- Problem statement
What you return should be the entries, unchanged, without their pictures.

- Records for processing
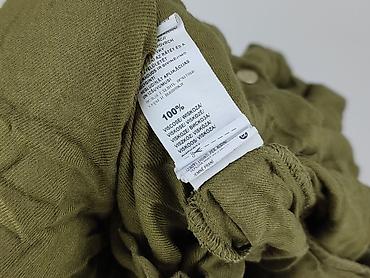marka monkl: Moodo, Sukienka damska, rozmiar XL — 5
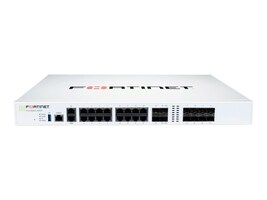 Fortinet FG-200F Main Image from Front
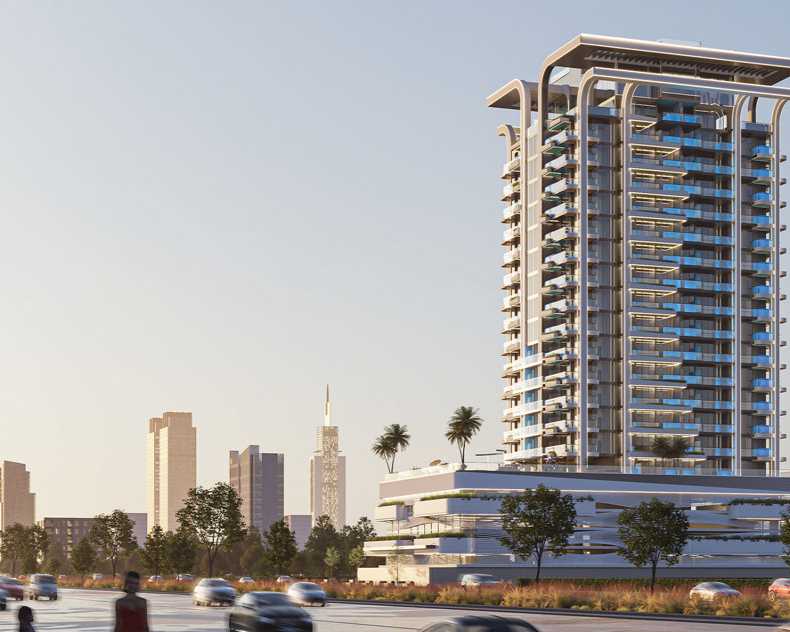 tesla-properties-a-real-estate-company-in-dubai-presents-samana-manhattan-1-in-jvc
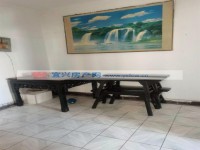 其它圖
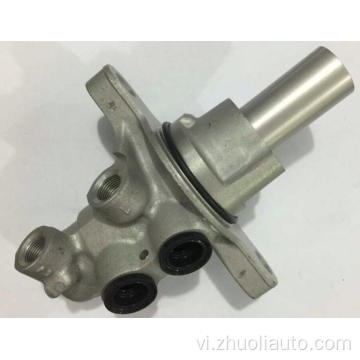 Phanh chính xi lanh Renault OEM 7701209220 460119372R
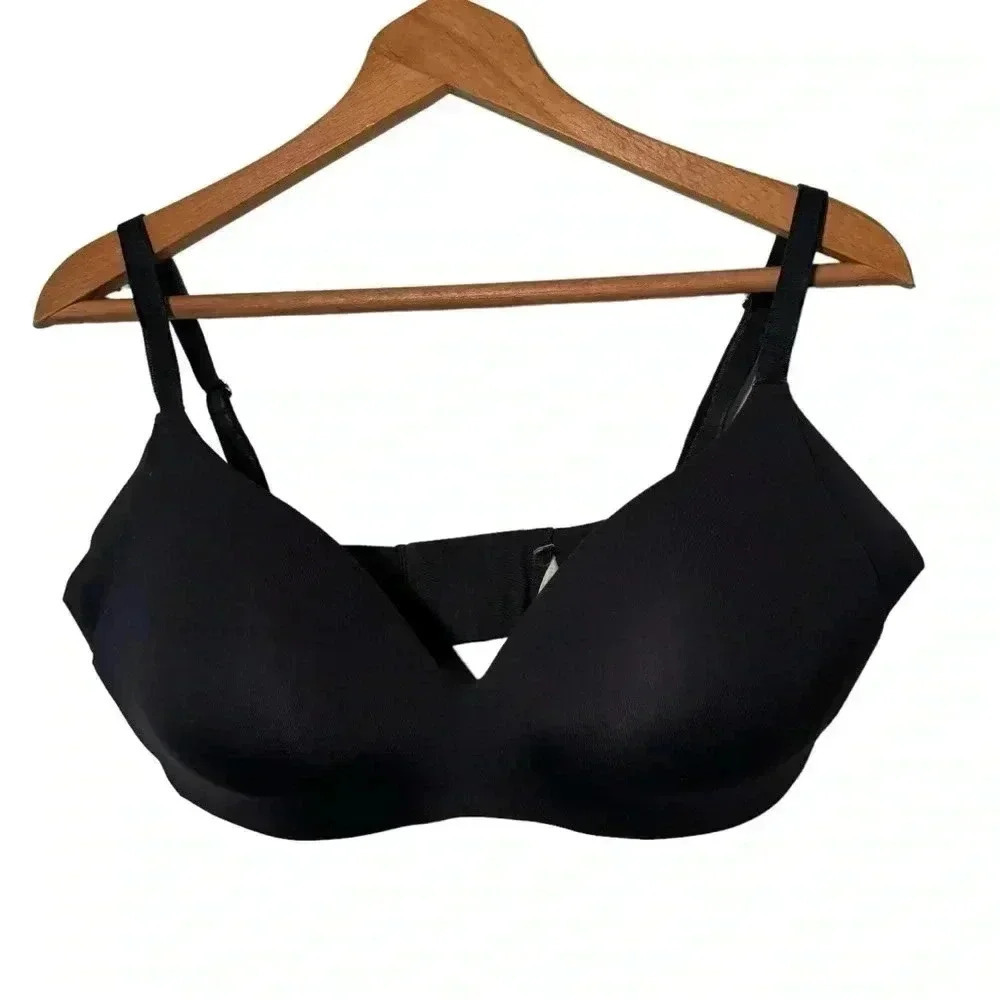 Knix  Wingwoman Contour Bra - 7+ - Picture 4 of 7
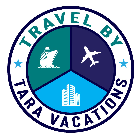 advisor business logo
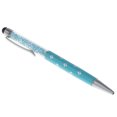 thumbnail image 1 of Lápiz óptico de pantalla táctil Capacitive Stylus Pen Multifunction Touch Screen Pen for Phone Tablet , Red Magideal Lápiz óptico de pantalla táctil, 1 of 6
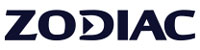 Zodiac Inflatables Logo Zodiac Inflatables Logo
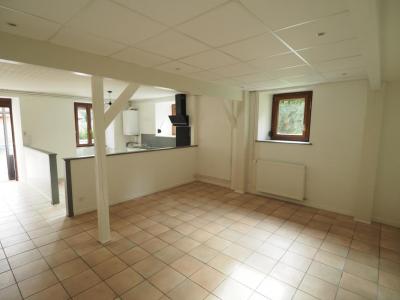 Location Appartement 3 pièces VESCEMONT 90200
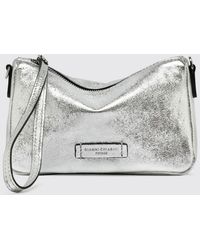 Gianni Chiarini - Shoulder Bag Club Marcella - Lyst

- Answer area
marka monkl: Moodo, Sukienka damska, rozmiar XL — 5
 Fortinet FG-200F Main Image from Front
 tesla-properties-a-real-estate-company-in-dubai-presents-samana-manhattan-1-in-jvc
 其它圖
 Phanh chính xi lanh Renault OEM 7701209220 460119372R
 Knix  Wingwoman Contour Bra - 7+ - Picture 4 of 7
 advisor business logo
 thumbnail image 1 of Lápiz óptico de pantalla táctil Capacitive Stylus Pen Multifunction Touch Screen Pen for Phone Tablet , Red Magideal Lápiz óptico de pantalla táctil, 1 of 6
 Zodiac Inflatables Logo Zodiac Inflatables Logo
 Location Appartement 3 pièces VESCEMONT 90200
 Gianni Chiarini - Shoulder Bag Club Marcella - Lyst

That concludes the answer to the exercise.